Data assimilation for conservation laws associated with kinetic description

Participants : Anne-Céline Boulanger, Philippe Moireau [Inria M3DISIM] , Jacques Sainte-Marie.

In order to take advantage of the kinetic description of conservation laws already used for the building of efficient schemes, an innovative data assimilation method for hyperbolic balance laws based in a Luenberger observer on the kinetic equation is developed. It provides a nice theoretical framework for scalar conservation laws, for which we study the cases of complete observations, partial observations in space, in time, and noisy observations. As far as systems are concerned, we focus on the Saint-Venant system, which is hyperbolic, nonlinear and has a topographic source term. We build an observer based only on water depths measurements. Numerical simulations are provided in the case of scalar laws and systems, in one and two dimensions, which validate the efficiency of the method [14] .

Mach-parametrized flows

Participants : Stéphane Dellacherie [CEA] , Bruno Després [UPMC Paris 6] , Yohan Penel.

In order to enrich the modelling of fluid flows, we investigate in this paper a coupling between two models dedicated to distinct regimes. More precisely, we focus on the influence of the Mach number as the low Mach case is known to induce theoretical and numerical issues in a compressible framework. A moving interface is introduced to separate a compressible model (Euler with source term) and its low Mach counterpart through relevant transmission conditions. A global steady state for the coupled problem is exhibited.
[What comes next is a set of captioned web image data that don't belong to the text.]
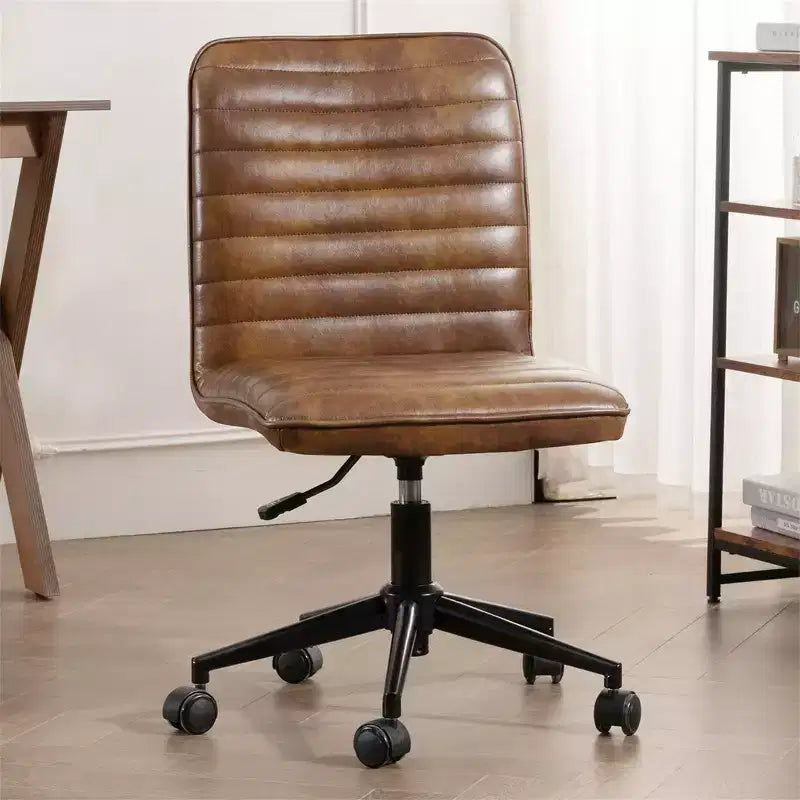 Chaise de bureau sans accoudoirs Furniliving, dossier mi-haut en similicuir, pivotante à 360°, réglable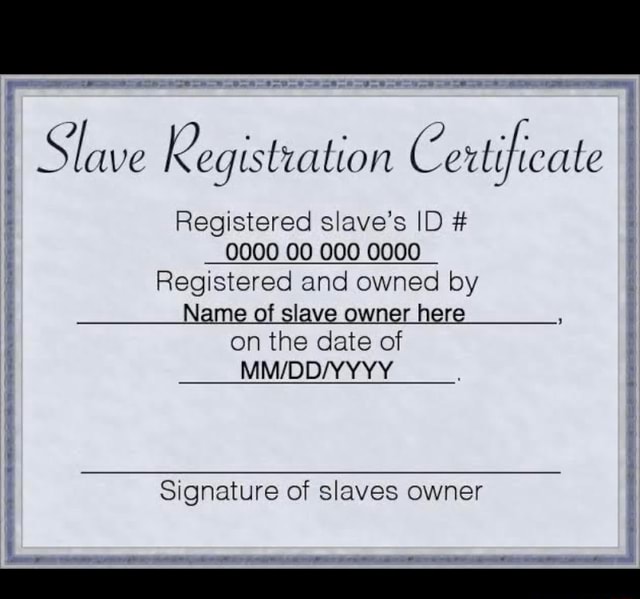 Slave Registration Certificate Registered slave s ID # 0000 00 000 0000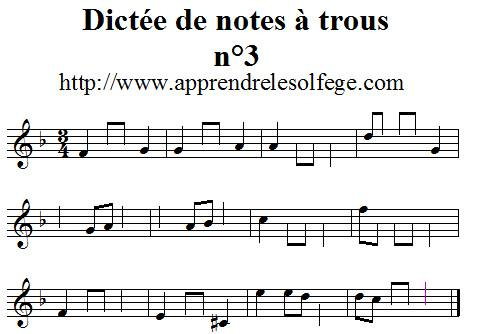 Dictée musicale de notes à trous n°3 Dictée musicale de notes à trous n°3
Numerical simulations are then performed to highlight the influence of the coupling by means of a robust numerical strategy [20] .

Error analysis in a coupling strategy

Participants : Clément Cancès [UPMC Paris 6] , Frédéric Coquel [CNRS] , Edwige Godlewski, Hélène Mathis [Univ. Nantes] , Nicolas Seguin.

We have proposed in a simplified framework an error analysis for an adaptive method which automatically selects the optimal model to use, the choice being between a reference model and an associated simplified one, see [15] . In particular, we are able to balance the thickness of the coupling buffer zone with the threshold on the modelling error which appears when introducing the coarse model.